As another poster said, in almost any other context no one would be sowing doubt about pain management advice for a patient recovering from major abdominal surgery, but it abounds for women recovering from c-sections. There is a large conversation generally about whether or not we should continue to use opioids, how to use them, what the alternatives are etc. We don't need to center that conversation about whether they are appropriate for c section moms. We don't need to say that women recovering from c sections who need pain management want to get high. We should talk about pain management after surgery for all people and how to go about that in a way that is compassionate and safe. Don't anchor it in the one surgery that happens to be all about moms and act like you have no idea why people feel like you're singling out moms for shaming.
Anonymous
I had an emergency c section and a baby in the NICU for 5 weeks.

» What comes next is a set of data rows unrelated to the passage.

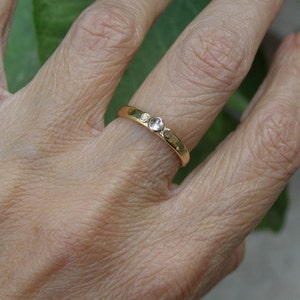 Handmade engagement ring ,14K solid gold ring with White Topaz stone, solitare ring image 4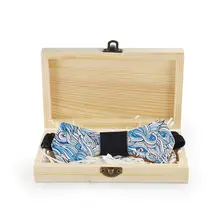 Элегантная мужская рубашка жениха для свадебной вечеринки деревянный галстук-платок деревянная Коробка бабочка мультяшная звезда цветочный узор в горошек галстук-бабочка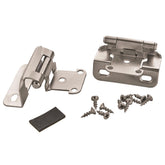 1/2'' Overlay Self-Closing Partial Wrap Cabinet Hinges, Satin Nickel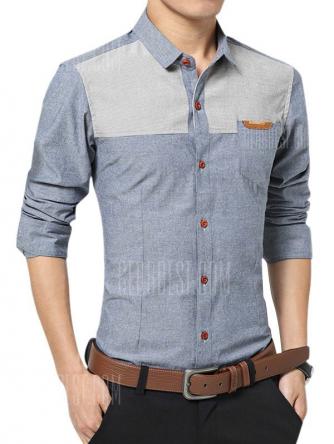 Casual Long Sleeve Color Block Men Shirt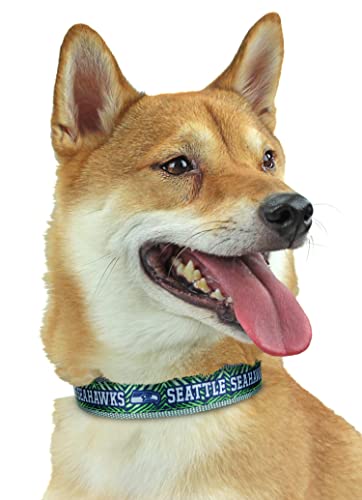 Zubaz NFL Team verstellbares Haustierhalsband für Hunde und Katzen, Seattle Seahawks, groß von Zubaz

I took my prescribed opioids around the clock for 4 days and then slowly tapered off in days 5-7. The meds were neither pushed nor denied. It was totally up to me. My mom (a career nurse) did say that staying ahead of the pain is important and helps with recovery but she didn’t care whether I took the opioid or ibuprofen. I didn’t experience constipation but did take regular colace to stay ahead of that side effect. I recovered well considering once I was discharged from the hospital I took an Uber back every day and spent 6-10 hours sitting by my baby’s bedside. I’m glad I had the meds since I didn’t have the opportunity to truly rest and heal physically.
Anonymous
Anonymous wrote:
Anonymous wrote:You guys, how can we not have a conversation about this? No one is shaming anyone.

If we can't ask questions like this, we're screwed.

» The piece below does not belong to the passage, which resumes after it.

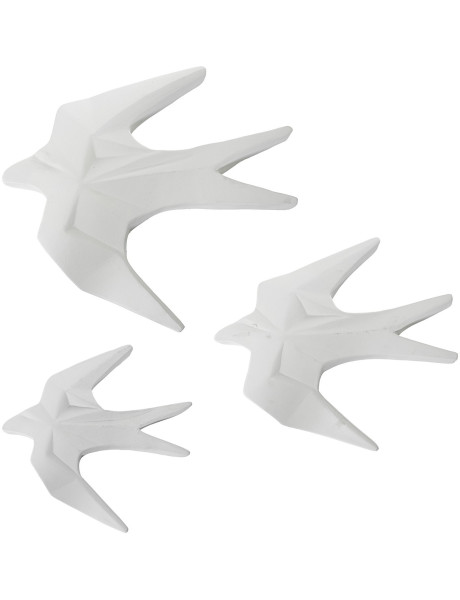 Lot de 3 hirondelles murales en céramique blanche mate Aeria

OP wasn't shaming anyone as in how dare you take meds. She asked about experiences and clearly the results here show that some women feel like they were given opioids after their c section without explanation on side effects. That proves this is a worthwhile conversation. This is not a cut and dry issue and that's what OP is trying to highlight.

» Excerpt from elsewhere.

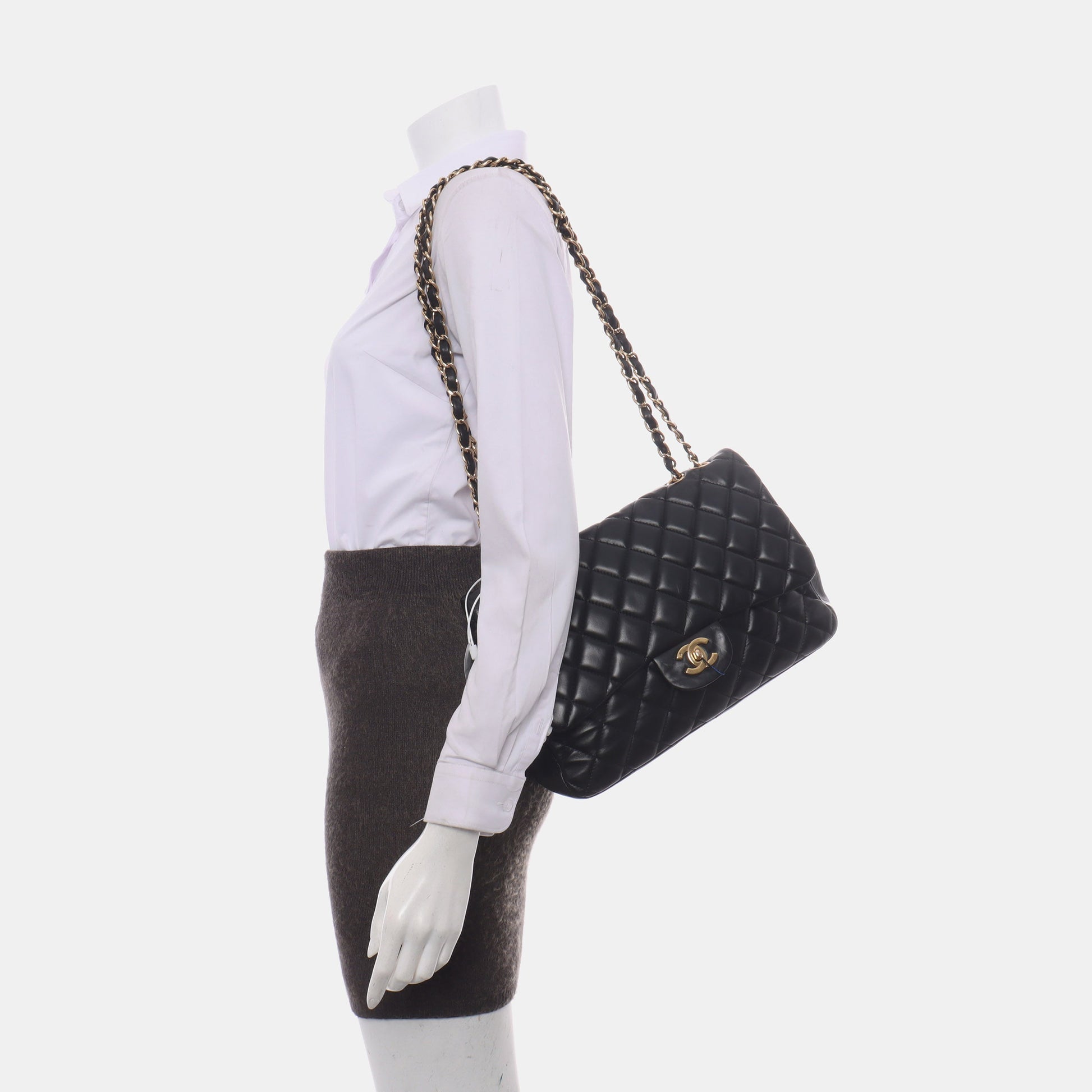 Chanel Classic Flap Jumbo Lambskin Single Flap Black Gold Leather Handbag 4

Honestly I can't handle how sensitive some of you are. It prevents rational discussion of complex issues.


Here's a question: What role does the patient and/or patient's spouse and family play in asking questions about prescribed medications and recommended care? Especially for a known likely event like either a delivery (which may/may not involve epidurals and other drugs) and C-sections (which may/may not involve a range of medications during and after the surgery)?

Good question....
Anonymous
Anonymous wrote:
Anonymous wrote:
Anonymous wrote:You guys, how can we not have a conversation about this? No one is shaming anyone.

If we can't ask questions like this, we're screwed.

OP wasn't shaming anyone as in how dare you take meds. She asked about experiences and clearly the results here show that some women feel like they were given opioids after their c section without explanation on side effects. That proves this is a worthwhile conversation. This is not a cut and dry issue and that's what OP is trying to highlight.

Honestly I can't handle how sensitive some of you are. It prevents rational discussion of complex issues.


Here's a question: What role does the patient and/or patient's spouse and family play in asking questions about prescribed medications and recommended care? Especially for a known likely event like either a delivery (which may/may not involve epidurals and other drugs) and C-sections (which may/may not involve a range of medications during and after the surgery)?

Good question....


I actually don't understand the question. Do you mean something like you should trust your mom and husband more than your doctor about medical care? Because I would disagree with that.

Doctors mostly do and should lay out your options and risks and allow you to make an informed decision. But if you think you have a better understanding than your doctor of the effects of a medicine because you read an article in the post about a woman getting addicted to opioids then you are mistaken. Go to medical school if you would like that same depth of understanding.

Patients should be informed and empowered to make their own decisions. Doctors opinions should inform that decision more than Aunt Sally's opinion.